I make this stew when I feel like I need something comforting and delicious to eat. As a
stand-alone meal, this vegetable meat stew hits the spot, but it also makes a wonderful side dish if you keep it pareve for any chicken or fish meal you may be serving or as a stand alone pareve meal. This stew freezes beautifully and is usually even better the next day!
Eggplant & Chickpea Stew
2 medium eggplants
2 Tbsp olive oil
1 large red onion, diced*
1 lb beef stew pieces
3 pieces of Dark meat chicken cutlets, cut into bite size pieces
1 large red bell pepper, cored,
seeded, and cut into 1-inch pieces
2 cloves garlic, thinly sliced
2 tsp cumin
1 tsp cinnamon
1 tsp chili powder
Pinch of black pepper
2 cup vegetable broth or water
5 plum tomatoes, peeled, quartered
lengthwise, and seeded, or 114.5-oz. can diced tomatoes
2 15-oz. cans chickpeas, rinsed and drained
Heat broiler on high.
Cut the eggplant crosswise into –inch rounds and brush both sides with olive oil. Broil until golden on each side. Let cool, and cut into 1-inch pieces.

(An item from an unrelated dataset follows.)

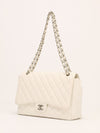 White Maxi Quilted Caviar Flap Bag With SHW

In a deep saucepan, heat 2 tablespoons olive oil over medium heat.
Add the onion and sautee for 2-3 minutes until slightly wilted. Sprinkle the beef and chicken pieces with a little salt and pepper and then add to the onions.Mix with the onions and cook for about 5-6 minutes. Add the red pepper, and saute . Add garlic and all the spices.
Add 1 cup broth and bring to a boil,stirring juices from the bottom of the pan.
Add tomatoes, eggplant, chickpeas, and rest of broth.
Bring to a boil, then lower heat and simmer, covered, for about 1 hr or until vegetables are tender and the meat is fully cooked, stirring occasionally.
Add salt and pepper to taste.
Shortcut: To save a little time, you can throw everything in the pot and skip the first step of broiling the eggplant.